We consider a state space a set of some or all possible configurations of a system or entity and all the immediate adjacency relationships between such configurations. For example, a state space can be a graph network with a node for every possible state a VA tool can be and a link between every two nodes that are a single event or interaction away from each other. Interpreting the ontology described above as a state-space has been considered in some examples of theoretical works [40, 48] and analysis-focused works [5, 15] . However, even when both temporal and atemporal aspects are used, it is ambiguous or uncertain how the two are differentiated and whether they are connected in any way, as we have discussed in Sec. 2. Furthermore, the inner elements of the Human side versus the Computer side of VA are not always separated within these works, which creates further ambiguity. For instance, while theoretical works [20, 39] clearly separate the two in their models, works describing VA ontologies [7, 40] , user-tracking [6] and behavior analysis [5, 51] usually merge the two sides or ignore one side completely.

With this, we have our core goal stated: VAKG is an architectural framework designed with ontologies that formally models the temporal sequences and the state space of both the Computer and Human sides of a VA workflow, and when used to record VA workflow sessions, it directly allows for provenance and state space analysis. Note that VAKG should be understood as an ontology architecture, in the sense that it is not a static ontology but is expected to be expanded and specialized for different use-cases. With that in mind, our objectives while designing VAKG are to: G1: Create an ontology that describes and links all four VA workflow aspects: G2: Architect such ontology so that it can be used to record users executing a VA workflow and allow its analysis. G3: Have the ontology able to optionally incorporate lower-level ontologies and models for specific analytical use-cases.
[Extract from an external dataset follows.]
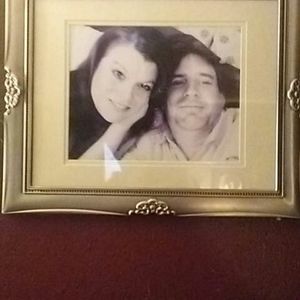 Meet your Posher, Troynjodie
So far, we have extracted an ontology from the literature [20, 40] and discussed its ambiguities regarding whether the knowledge gathering process is temporal (e.g., provenance) or not (e.g., state space). To solve them, VAKG expands the ontology described above by explicitly separating the concepts of temporal and atemporal relationships. This is done by interpreting the two relationships, namely feedback-Computer-Human (G1.2) and interact-Human-Computer (G1.3), as atemporal relationships and adding two more relationships for temporal connections:

• Relationship update-Computer-Computer: Time-stamped indication of What changed in the interface and why did this change happen (G1.1).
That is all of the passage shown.